NEWS

Dai Indonesia Sebar Moderasi Islam di Jerman

Vaza Diva Fadhillah Akbar| Selasa, 25/03/2025
Kementerian Agama (Kemenag) mengirimkan sejumlah dai ke luar negeri dalam program dakwah internasional, salah satunya ke Jerman.
 
  Dai utusan Kemenag berdakwah di Jerman (Foto: kemenag)

Terasmuslim.com - Kementerian Agama (Kemenag) mengirimkan sejumlah dai ke luar negeri dalam program dakwah internasional. Salah satu yang terpilih adalah Rahmat Taufik Sipahutar, pemenang Musabaqah Tilawatil Qur’an (MTQ) Nasional 2020. Ia dipercaya menjadi imam sekaligus pendakwah di Berlin, Jerman.

Rahmat secara resmi dilepas bersama dai lainnya pada 26 Februari 2025. Sebagai alumni Perguruan Tinggi Ilmu Al-Qur’an (PTIQ) Jakarta, ia bertugas membimbing komunitas Muslim di Jerman dengan pendekatan moderasi beragama yang relevan dengan lingkungan setempat.

“Ini adalah pengalaman dakwah yang sangat berharga. Saya berterima kasih kepada Kemenag atas kesempatan ini,” ujarnya, pada Senin (24/3).

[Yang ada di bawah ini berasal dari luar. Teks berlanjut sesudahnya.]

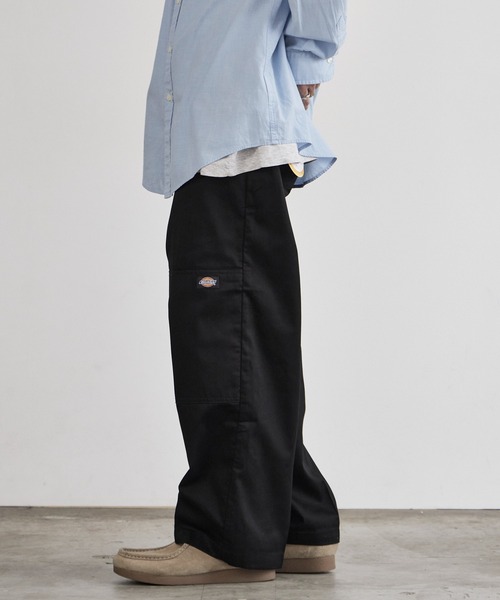 Dickies（ディッキーズ） チノパン EASY DOUBLE KNEE PANTS イージー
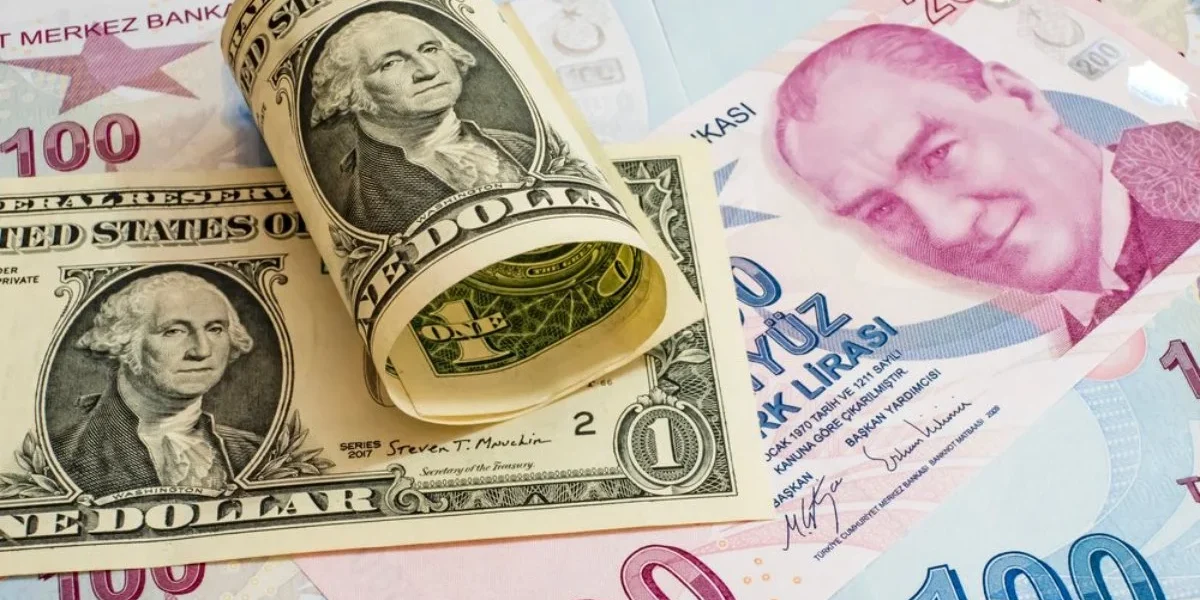 Ne Zaman Dolar/TL Ne Zaman Dolar/TL
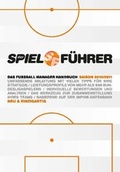 Cover: Der Spielf&uuml;hrer - Web-Site-Verlag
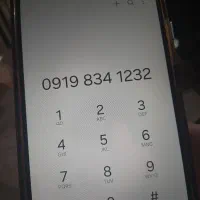 خط ۰۹۱۹ اعتباری ده ساله خاموش بوده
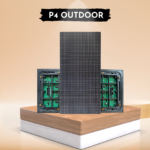 P4 Outdoor SMD Pro Module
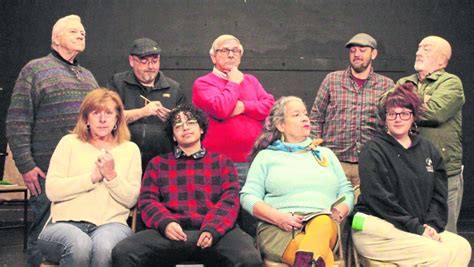 Cast announced for ‘And Then There Were None’ at Community Little Theatre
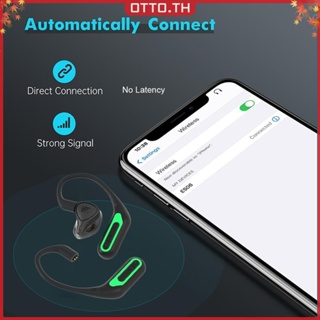 ✾ออตโต้✤【คุณภาพสูง】ตะขอหูฟังบลูทูธไร้สาย Kz AZ10 อุปกรณ์เสริม 2 ชิ้น
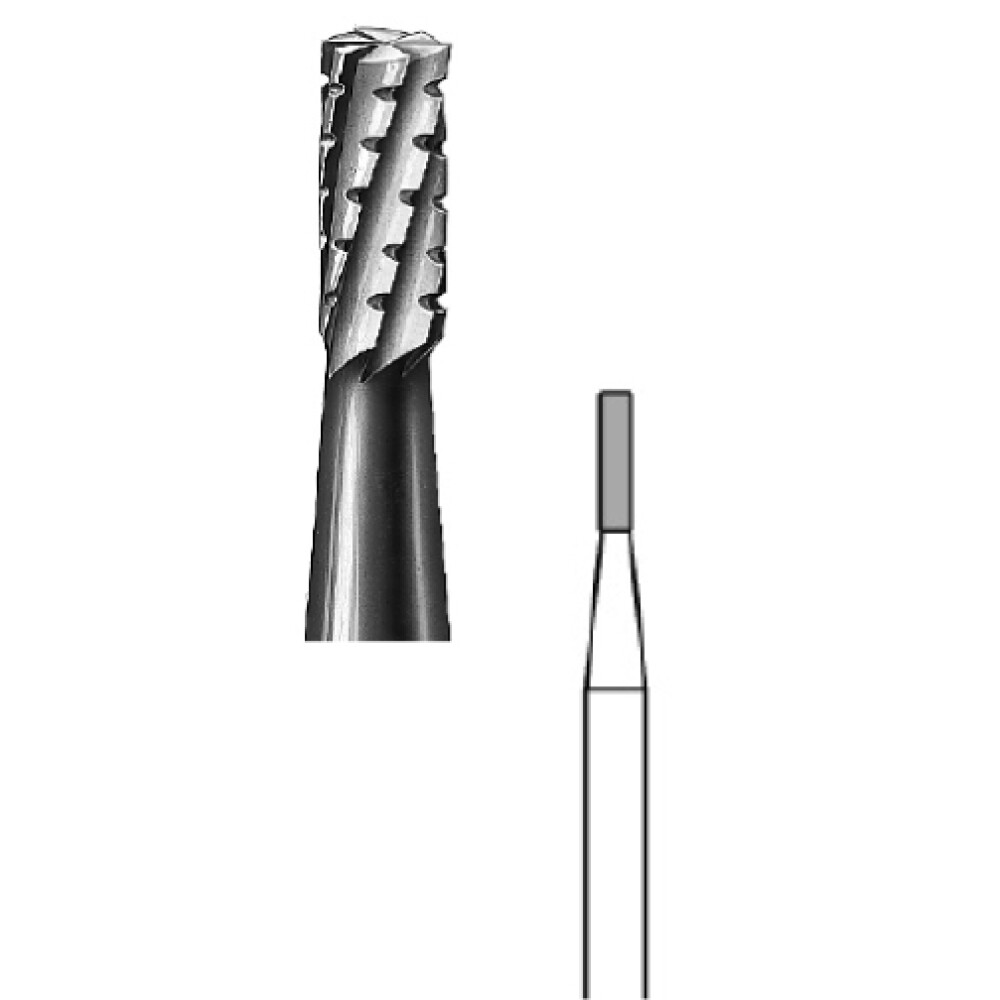 FREZA EXTRADURA CAVITATI-31-008-FG BUSCH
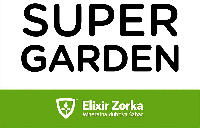 SUPER GARDEN Elixir Zorka Mineralna dubriva Sabac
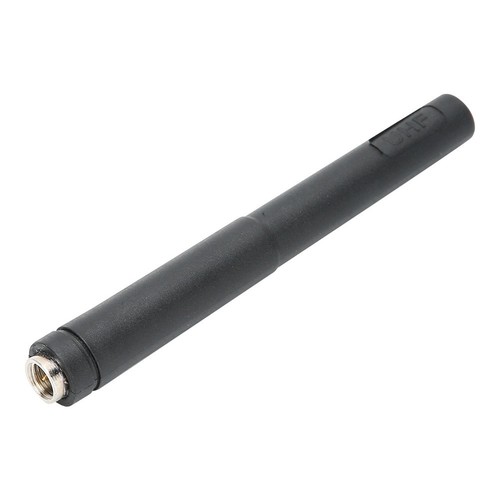 400-470MHZ do telewizora Hytera X1e FM Radio Zasilacze aluminiowe PD680 Antena UHF SAL - Zdjęcie 2 z 16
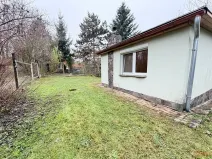 Pronájem chaty, Praha - Lysolaje, Laťka, 27 m2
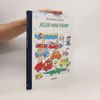 Richard Scarry Alles was fährt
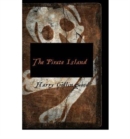 The Pirate Island by Harry Collingwood, Fiction, Action & Adventure - Book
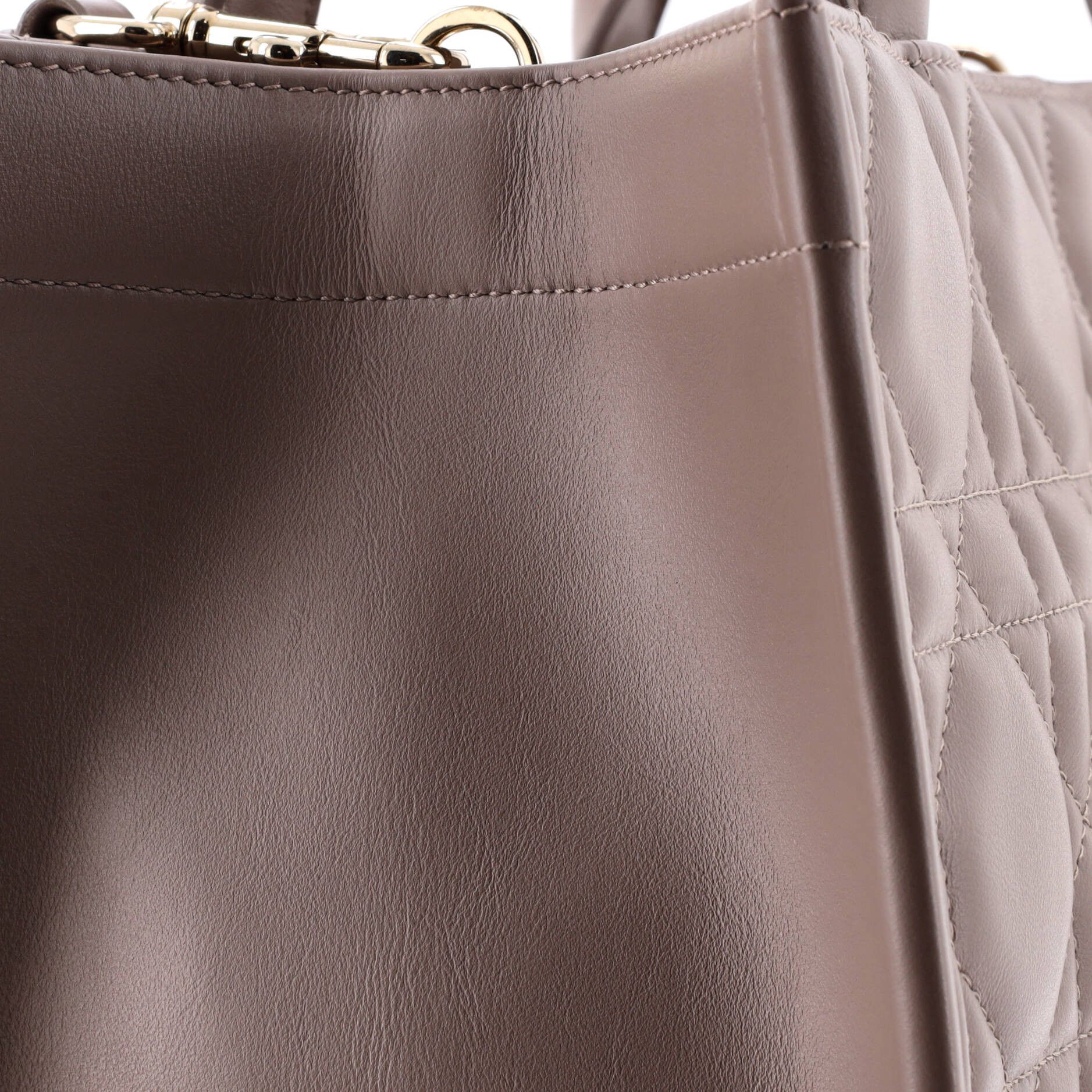Dior Book Tote with Strap Size ONE SIZE - 6 Thumbnail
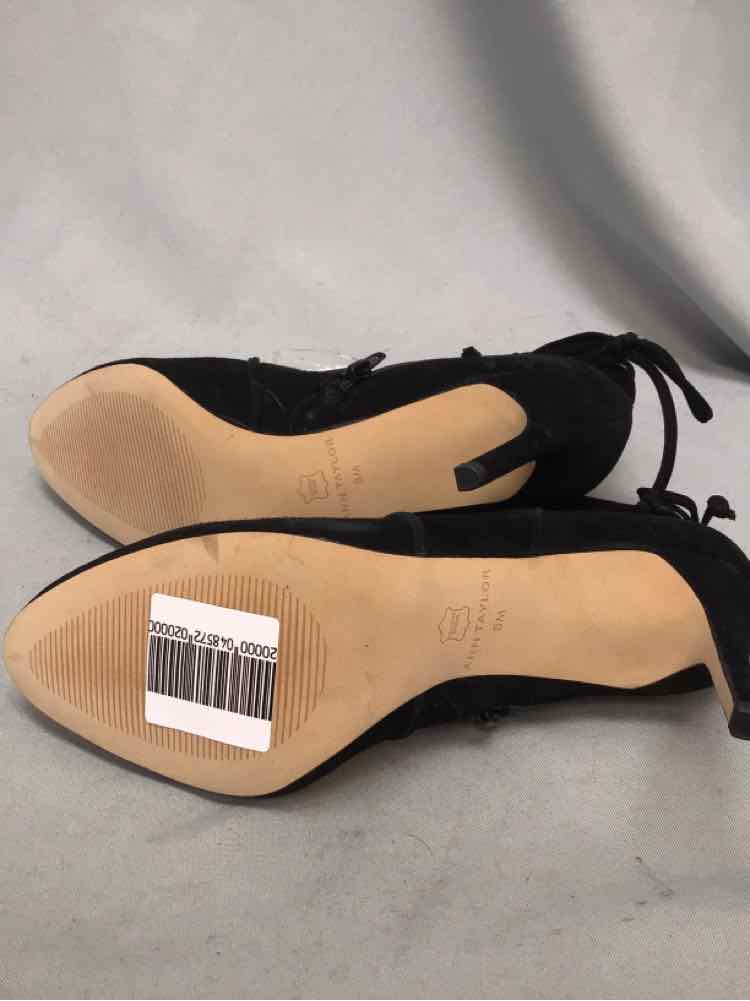 ANN TAYLOR SIZE 8 Ladies SHOES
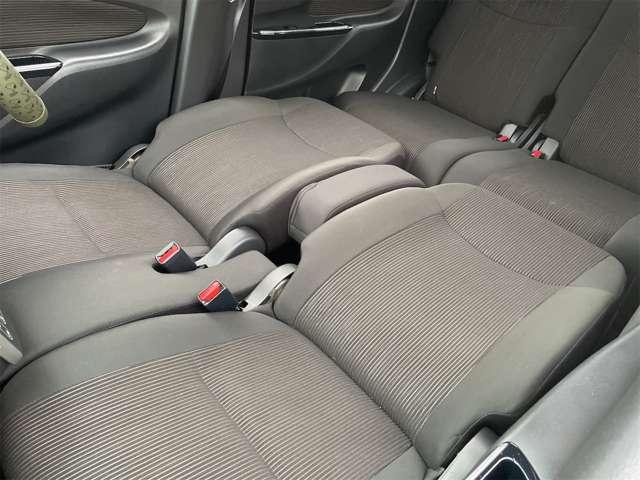 デイズ ハイウェイスター　Ｇターボ　ナビ／バックカメラ／ＴＶ／音楽録音（27枚目）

Rahmat memiliki ketertarikan terhadap perkembangan Islam di negara-negara minoritas Muslim. Pengalamannya ini memperdalam pemahamannya tentang kondisi umat Islam di Eropa. Dengan dukungan Kemenag, ia aktif berdakwah di berbagai masjid dan komunitas Muslim, serta menjalin komunikasi dengan Kedutaan Besar Republik Indonesia (KBRI) di Berlin.

Baca juga :

Sebagai imam, ia kerap mendapat pertanyaan mengenai kemampuan umat Islam di Indonesia dalam melantunkan ayat suci Al-Qur’an dengan fasih. Rahmat mengamati bahwa Muslim di Jerman, baik diaspora maupun mualaf lokal, memiliki minat tinggi terhadap Islam.

Ia juga menjelaskan bahwa masjid di Jerman bukan sekadar tempat ibadah, melainkan pusat kegiatan sosial keislaman yang mencakup pendidikan, layanan zakat, hingga tempat berkumpul bagi mahasiswa Muslim.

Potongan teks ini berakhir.